## Brief
Please set down the listing exactly, from the first line to the last.

## Material provided
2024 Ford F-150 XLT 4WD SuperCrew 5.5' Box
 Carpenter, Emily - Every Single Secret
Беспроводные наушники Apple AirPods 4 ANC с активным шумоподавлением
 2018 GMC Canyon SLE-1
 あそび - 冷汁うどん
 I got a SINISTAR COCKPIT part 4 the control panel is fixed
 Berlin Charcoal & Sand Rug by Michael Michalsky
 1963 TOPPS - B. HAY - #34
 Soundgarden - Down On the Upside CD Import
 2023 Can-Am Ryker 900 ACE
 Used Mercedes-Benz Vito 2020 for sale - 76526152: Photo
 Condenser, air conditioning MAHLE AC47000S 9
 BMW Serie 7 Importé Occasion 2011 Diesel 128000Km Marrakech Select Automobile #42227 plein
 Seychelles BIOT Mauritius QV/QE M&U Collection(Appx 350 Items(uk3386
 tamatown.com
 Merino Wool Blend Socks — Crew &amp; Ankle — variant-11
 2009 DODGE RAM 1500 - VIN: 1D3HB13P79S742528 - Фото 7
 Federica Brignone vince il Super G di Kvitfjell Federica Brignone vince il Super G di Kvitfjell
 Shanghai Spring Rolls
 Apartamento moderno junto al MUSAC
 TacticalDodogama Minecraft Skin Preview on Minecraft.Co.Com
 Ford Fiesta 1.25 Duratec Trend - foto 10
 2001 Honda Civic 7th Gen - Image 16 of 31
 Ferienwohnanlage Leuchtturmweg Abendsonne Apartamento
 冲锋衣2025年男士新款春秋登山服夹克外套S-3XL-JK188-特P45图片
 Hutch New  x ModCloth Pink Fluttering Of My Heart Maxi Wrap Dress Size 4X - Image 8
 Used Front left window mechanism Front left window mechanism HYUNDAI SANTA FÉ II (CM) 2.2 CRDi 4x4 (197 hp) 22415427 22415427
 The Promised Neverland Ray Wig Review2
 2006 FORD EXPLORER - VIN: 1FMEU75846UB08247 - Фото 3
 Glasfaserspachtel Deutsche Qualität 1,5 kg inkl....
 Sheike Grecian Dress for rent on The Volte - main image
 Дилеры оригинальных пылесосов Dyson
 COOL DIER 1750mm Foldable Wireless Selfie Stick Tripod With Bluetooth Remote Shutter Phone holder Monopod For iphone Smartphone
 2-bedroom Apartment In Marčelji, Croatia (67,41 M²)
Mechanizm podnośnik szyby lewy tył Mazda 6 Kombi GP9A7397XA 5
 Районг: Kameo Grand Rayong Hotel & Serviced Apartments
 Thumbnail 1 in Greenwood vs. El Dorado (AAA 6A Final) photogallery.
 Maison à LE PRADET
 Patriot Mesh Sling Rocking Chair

## Result for this exercise
2024 Ford F-150 XLT 4WD SuperCrew 5.5' Box
 Carpenter, Emily - Every Single Secret
Беспроводные наушники Apple AirPods 4 ANC с активным шумоподавлением
 2018 GMC Canyon SLE-1
 あそび - 冷汁うどん
 I got a SINISTAR COCKPIT part 4 the control panel is fixed
 Berlin Charcoal & Sand Rug by Michael Michalsky
 1963 TOPPS - B. HAY - #34
 Soundgarden - Down On the Upside CD Import
 2023 Can-Am Ryker 900 ACE
 Used Mercedes-Benz Vito 2020 for sale - 76526152: Photo
 Condenser, air conditioning MAHLE AC47000S 9
 BMW Serie 7 Importé Occasion 2011 Diesel 128000Km Marrakech Select Automobile #42227 plein
 Seychelles BIOT Mauritius QV/QE M&U Collection(Appx 350 Items(uk3386
 tamatown.com
 Merino Wool Blend Socks — Crew &amp; Ankle — variant-11
 2009 DODGE RAM 1500 - VIN: 1D3HB13P79S742528 - Фото 7
 Federica Brignone vince il Super G di Kvitfjell Federica Brignone vince il Super G di Kvitfjell
 Shanghai Spring Rolls
 Apartamento moderno junto al MUSAC
 TacticalDodogama Minecraft Skin Preview on Minecraft.Co.Com
 Ford Fiesta 1.25 Duratec Trend - foto 10
 2001 Honda Civic 7th Gen - Image 16 of 31
 Ferienwohnanlage Leuchtturmweg Abendsonne Apartamento
 冲锋衣2025年男士新款春秋登山服夹克外套S-3XL-JK188-特P45图片
 Hutch New  x ModCloth Pink Fluttering Of My Heart Maxi Wrap Dress Size 4X - Image 8
 Used Front left window mechanism Front left window mechanism HYUNDAI SANTA FÉ II (CM) 2.2 CRDi 4x4 (197 hp) 22415427 22415427
 The Promised Neverland Ray Wig Review2
 2006 FORD EXPLORER - VIN: 1FMEU75846UB08247 - Фото 3
 Glasfaserspachtel Deutsche Qualität 1,5 kg inkl....
 Sheike Grecian Dress for rent on The Volte - main image
 Дилеры оригинальных пылесосов Dyson
 COOL DIER 1750mm Foldable Wireless Selfie Stick Tripod With Bluetooth Remote Shutter Phone holder Monopod For iphone Smartphone
 2-bedroom Apartment In Marčelji, Croatia (67,41 M²)
Mechanizm podnośnik szyby lewy tył Mazda 6 Kombi GP9A7397XA 5
 Районг: Kameo Grand Rayong Hotel & Serviced Apartments
 Thumbnail 1 in Greenwood vs. El Dorado (AAA 6A Final) photogallery.
 Maison à LE PRADET
 Patriot Mesh Sling Rocking Chair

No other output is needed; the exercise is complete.